August 14th, 2018

Crime Stoppers celebrates 35 years in Medicine Hat

By Peggy Revell on April 13, 2018.

This Oct. 5 edition of the News announced the official launch of the local Crime Stoppers organization that marks its 35th anniversary this year.--NEWS ARCHIVES

Medicine Hat’s Crime Stoppers is celebrating 35 years of helping to keep the community safe.

“For evil to prevail, all a good man has to do is nothing” is the quote those with the local organization like to use, explained president and board chair Barry Gregory, extending a thank-you to past and present volunteers.

Since launching in 1983, the program has offered a way for community members to provide anonymous tips on criminal activity, and receive a reward if it leads to a conviction.

Digging into the Medicine Hat News archives, a 1983 story on the launch of the program included a statistic: For every $1 spent on the Crime Stoppers program, $17.09 in property is recovered by police.

“The purpose of the program is to act as an intermediary, using a reward system between the police department and persons who wish to give information … and who wish to remain anonymous,” Hugh Nerlien, chairman of the then 13-member board, told the News for the Oct. 5, 1983 story on the program’s start.
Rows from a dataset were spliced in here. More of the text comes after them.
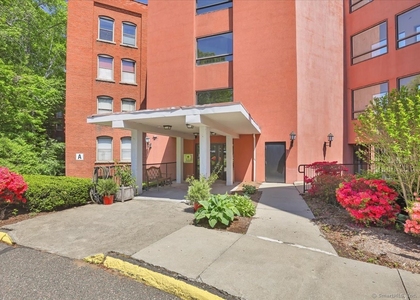 222 Williams Street - Photo 1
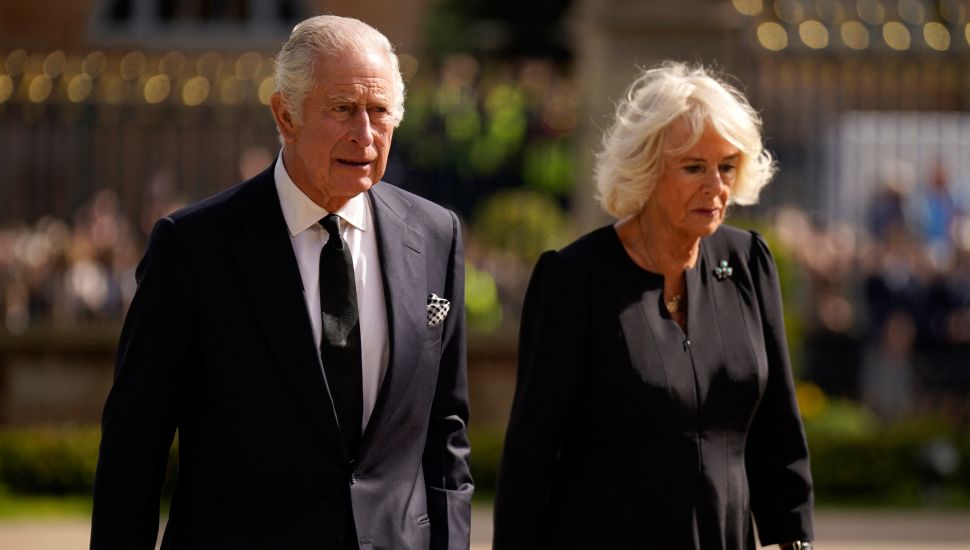 Raja Inggris Charles III dan Permaisuri Camilla saat tiba Kastil Hillsborough, Belfast, Irlandia Utara, Selasa (13/9/2022). [Paul Faith / AFP]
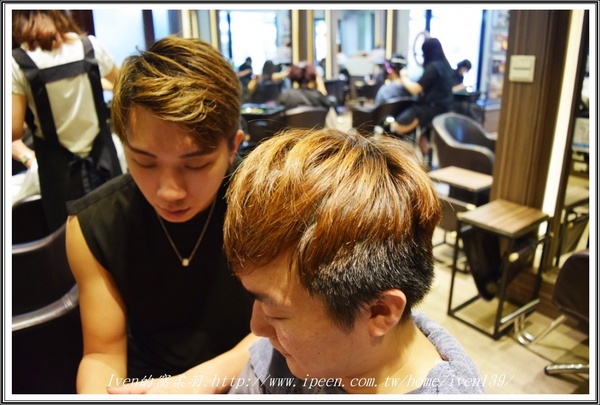 Deyi Hair Salon 得意 髮型．養護．沙龍：《台北大安美髮沙龍》Leo總是抓得住客戶的型，再次推薦朋友來找帥氣又擅剪短髮的Leo設計師-『Deyi Hair Salon 得意 髮型．養護．沙龍』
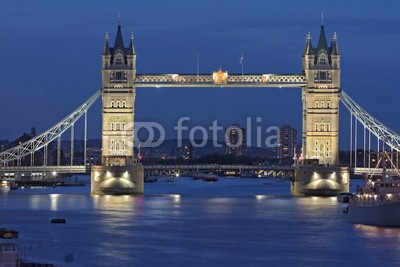 Blickfang, Tower  Bridge London beleuchtet (englisch, britischer, england, london, architektonisch, sehenswürdigkeit, hauptstadt, historisch, reiseziel, urlaub, stadtlandschaft, überbrückung, themse, flux, blau, blue sky, schloss, beleuchtet, nacht, abend, spiegelun)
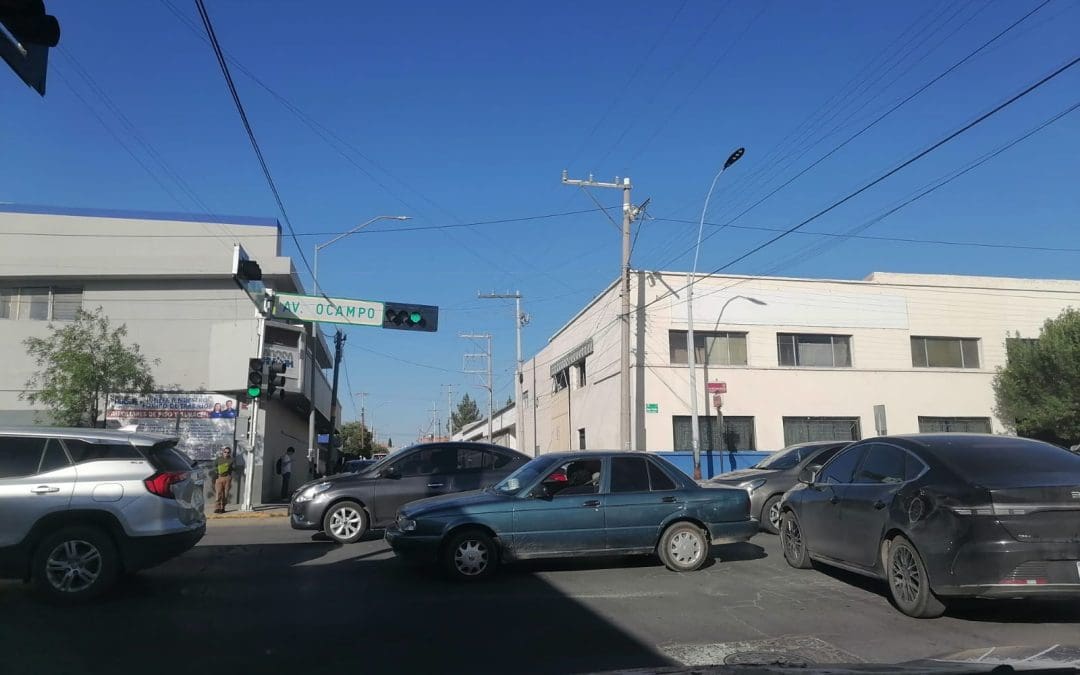 Reportan caos vial por mala sincronización de semáforos en avenida Ocampo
Two years later, the News reported Crime Stoppers had led to about 95 arrests, 120 charges laid, and 105 cases cleared — and in a Dec. 7, 1985 News story, police said that out of 55 charges in juvenile court the preceding week, 28 were solved by Crime Stoppers.
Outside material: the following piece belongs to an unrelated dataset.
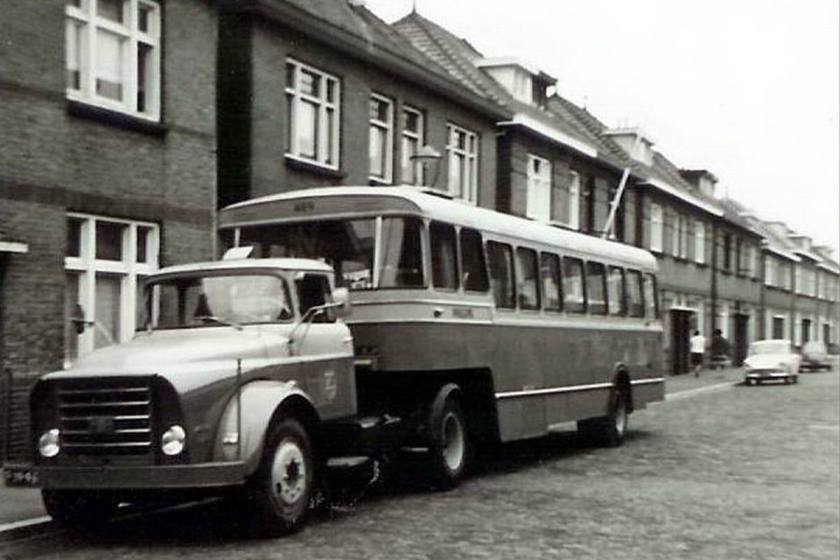 1957 Daf Torpedo met Bus oplegger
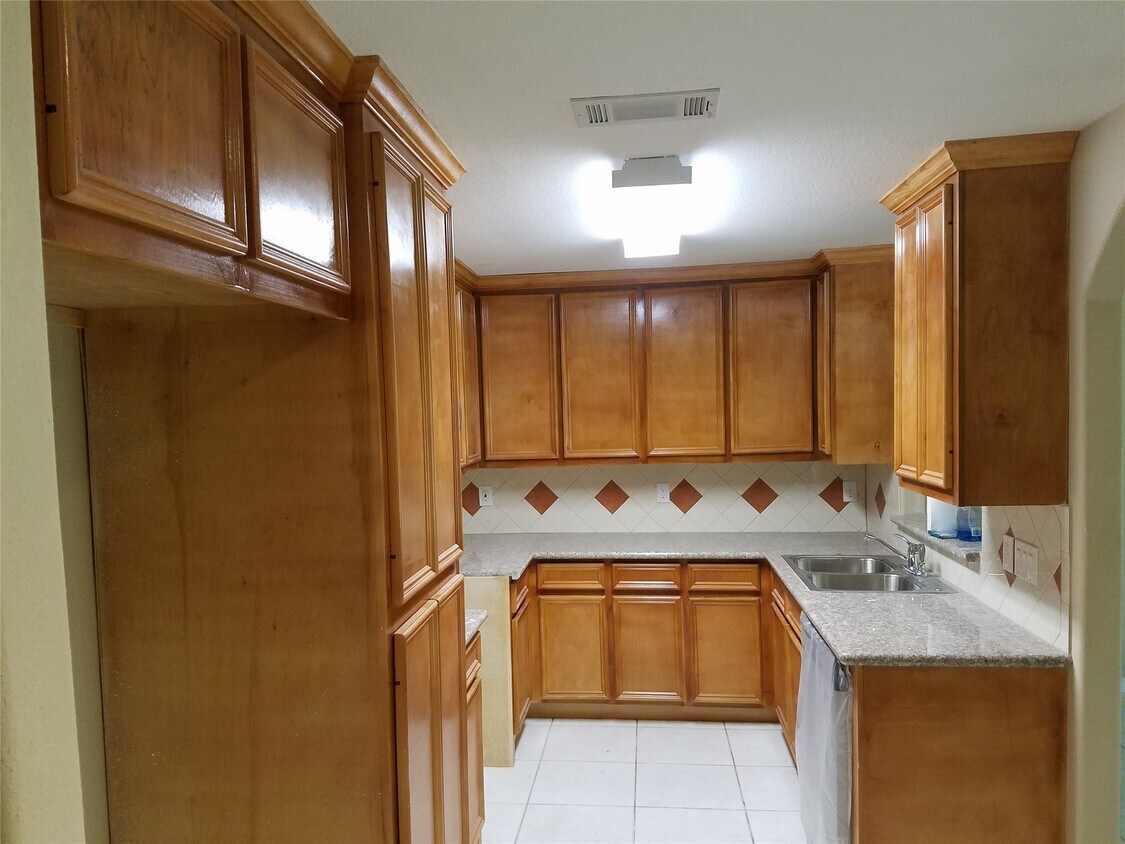 Primary Photo - 5530 Melanite Ave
City police chief Ray Palardy told the News in May, 1986 that the program saves police hours of investigation time.

“Probably every one of them would be cases we could not have solved on our own,” he said about the cases Crime Stoppers has helped with. “I wouldn’t say 100 per cent, but it’s close.”
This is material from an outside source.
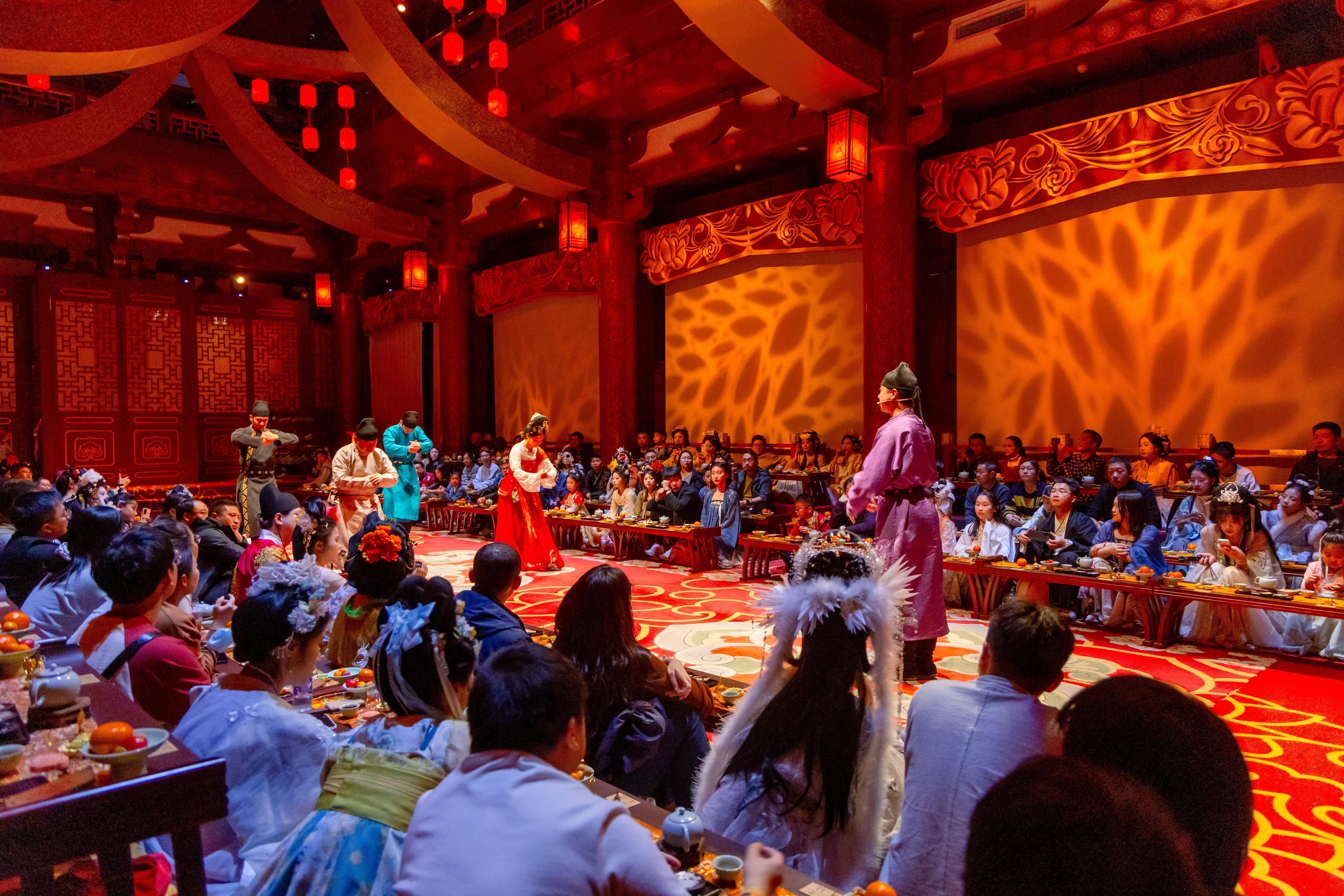  技术解码沉浸式演艺：沉浸式戏剧如何重塑文旅消费新范式 文化旅游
At the program’s 10-year mark, Crime Stoppers had resulted in 834 criminal cases and the seizure of more than $1 million in property and drugs.

“Quite simply, without it a lot of crime would go unsolved,” Const. Bob Tetz told the News at the time. Two calls in the 1993 year had given police a lead in investigating vandalism at the Hillside Cemetery, where 59 headstones were damaged, Tetz said.

On the organization’s 35th anniversary, the MHPS appreciate work the organization does in the community, said Insp. Tim McGough. That Crime Stoppers has been around for so long, and exists all around the world shows the value it brings to the community, he said.

“It’s a bunch of dedicated volunteers that have made it successful over the years, and it’s led to numerous crimes in the community and surrounding area being solved as a result of information people have provided to Crime Stoppers,” he said.

While not all tips result in a reward, McGough said they help police get pointed in the right direction —especially when it comes to some unsolved crime.

“For people who do witness crimes, or do have information about a crime that they don’t feel comfortable talking to the police, and want to remain anonymous, this for sure is the way they can do that.”

The program is fueled through various fundraisers — in the past this has included a chuck-a-puck, jail-and-bail events, and private cash donations, said Gregory.

“We hope to have some new and refreshing fundraiser events to come in the future and look forward to our city supporting these efforts,” said Gregory, adding that donations are greatly appreciated.

Many of the volunteer board members, himself included, are new and learning the process involved with being a part of the organization, said Gregory.

“But we are proud to say, our members are very dedicated and excited to continue with this great cause.”